Drapeaux européen, italien et municipal à Carpi, Italie, le 25 mars 2020
Drapeaux européen, italien et municipal à Carpi, Italie, le 25 mars 2020 © AFP / Emmanuele Ciancaglini / NurPhoto

L'Italie est le pays du monde qui connaît, pour l'instant, le plus de morts liées au coronavirus (pour peu que l'on considère les chiffres officiels chinois comme fiables, ce qui ne va pas de soi). Plus de 11.500 victimes au total, presque la moitié de tous les morts enregistrés sur le continent européen.
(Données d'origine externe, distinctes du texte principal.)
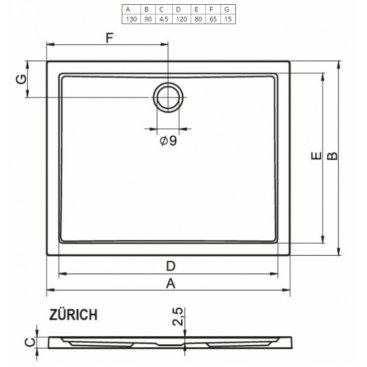 Душевой поддон Riho Zurich 262 130x90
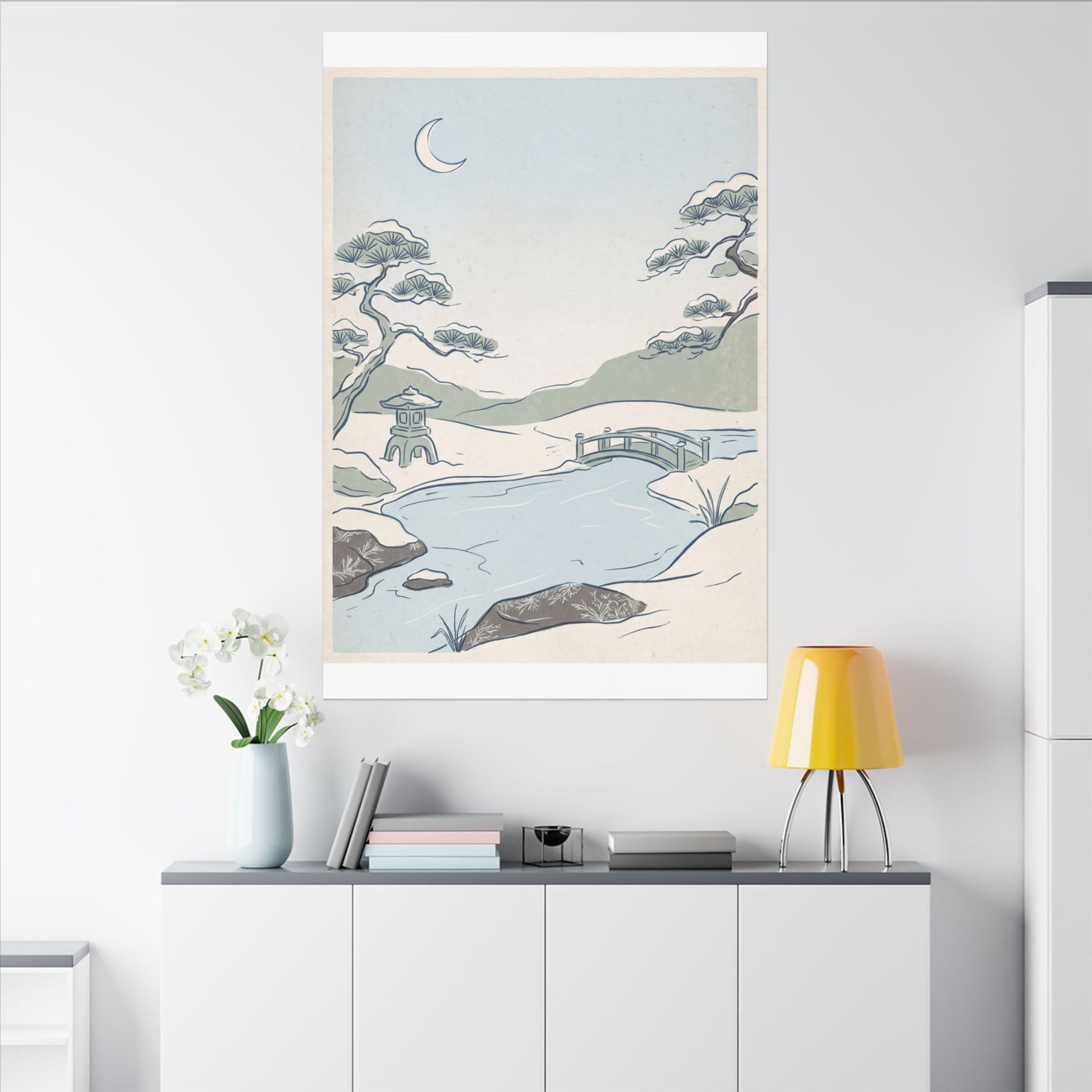 Japandi Moonlit Garden in Moonlight | Minimal Line Canvas Art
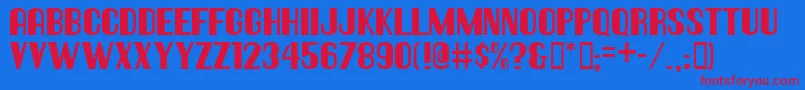 Hallandaledeco-fontti – punaiset fontit sinisellä taustalla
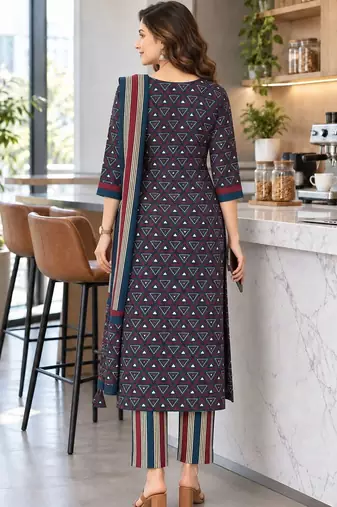 women printed regular  cotton kurta with trousers & with dupatta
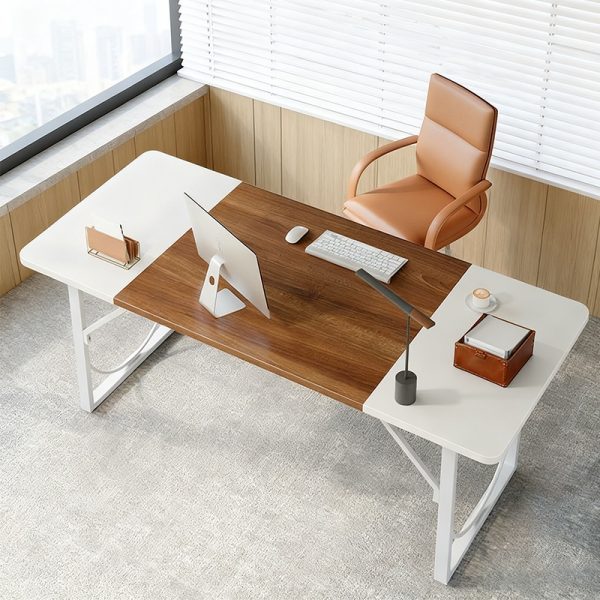 product-fancy-b9068642-d754-4679-90c1-f755421c2879 Executive Office Desk 63 Inches with Headphone Hooks, Modern Workstation for PC Laptop, Vanity Table, Craft Table, Office Furniture, Unique Color Matching Design, Computer Desk for Small Spaces, for home Office Workspace Gaming Desk with Metal Frame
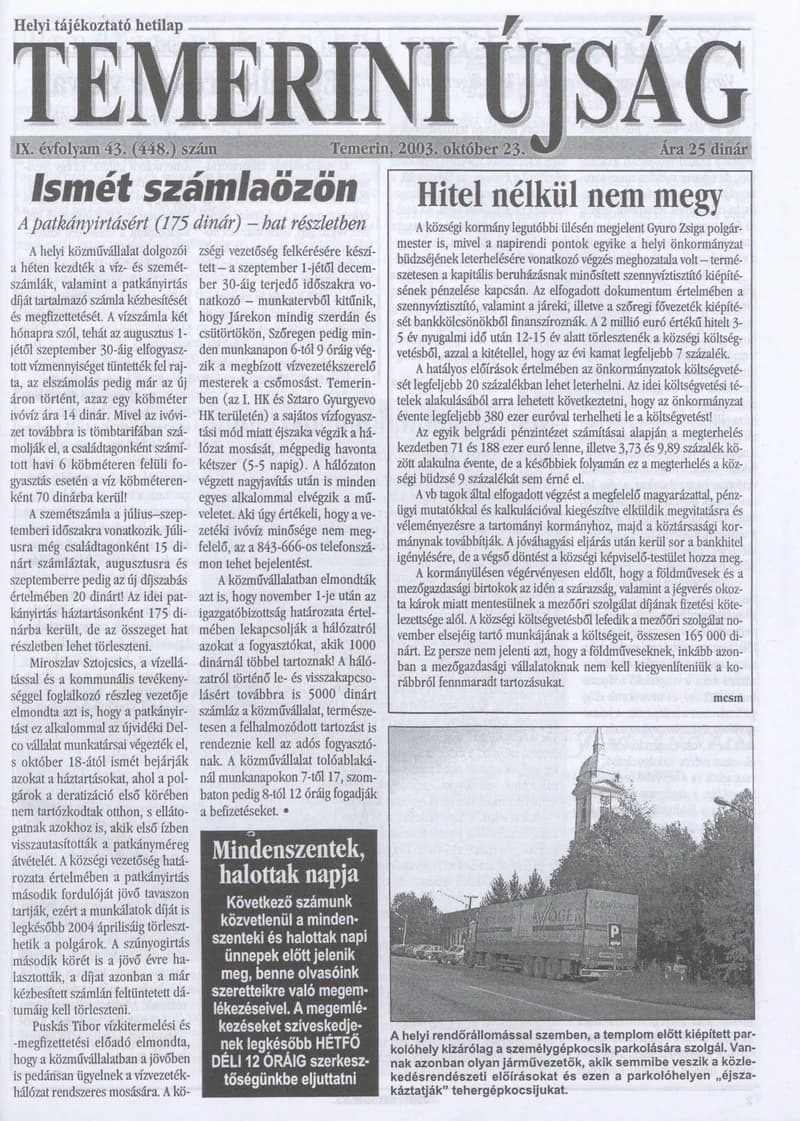 Temerini Újság, 9. évf. 2003. október 23. 43. sz.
L'Italie est aussi le pays d'Europe que ses voisins regardent avec le plus de fébrilité : si elle atteint le pic du taux de mortalité, alors cela signifie mécaniquement que le reflux est proche. Or ce pic semble très proche. "Nous pouvons espérer atteindre le pic dans sept ou dix jours, puis, raisonnablement, une décrue de la contagion", explique ainsi le vice-ministre italien de la Santé Pierpaolo Sileri. Par définition, on ne saura qu'on a atteint le pic, le nombre maximum de morts, que lorsque ce nombre commencera à descendre.

Les chiffres semblent lui donner raison. Le nombre de morts quotidien a un peu diminué, après un record de 919 morts en une seule journée vendredi dernier (tout comme le nombre de nouveaux cas enregistrés, dont la tendance est à la baisse depuis une semaine).

Une baisse qui est directement liée aux mesures de confinement : trois semaines après leur mise en œuvre en Italie, elles commencent à produire des effets sur le nombre de cas enregistrés chaque jour. Selon l'OMS, la durée d'apparition des symptômes peut aller de un à 14 jours : les habitants qui ont appliqué le confinement depuis le début ne peuvent donc, a priori, plus devenir de nouveaux patients.

La France affiche des chiffres (un peu) plus rassurants que sa voisine

Le total du nombre de morts italiens reste étourdissant : 11.591 selon le comptage du 30 mars 2020. Par comparaison, à la même date, la France ne comptait "que" 3.024 morts du virus.

Attention toutefois, comparer cette évolution aux mêmes dates n'a pas vraiment de sens, puisque l'épidémie n'a pas démarré au même moment dans les deux pays. Pour être au plus proche de la réalité, il faut comparer les courbes en partant d'un point de repère, comme le dixième mort ou le centième cas recensé.

En Italie, le cap des 3.000 morts est arrivé à peu près au même moment de l'épidémie qu'en France, soit 23 jours après le cap du dixième mort. L'évolution du nombre de morts est donc, pour l'instant, plutôt similaire (même si la France reste en-dessous de sa voisine).

Mais l'évolution du nombre de cas est, elle, bien moins inquiétante dans l'Hexagone : si l'on compare les deux courbes en prenant comme point de départ le centième cas déclaré, on constate qu'au bout d'un mois, la France ne compte que les deux tiers des malades enregistrés en Italie.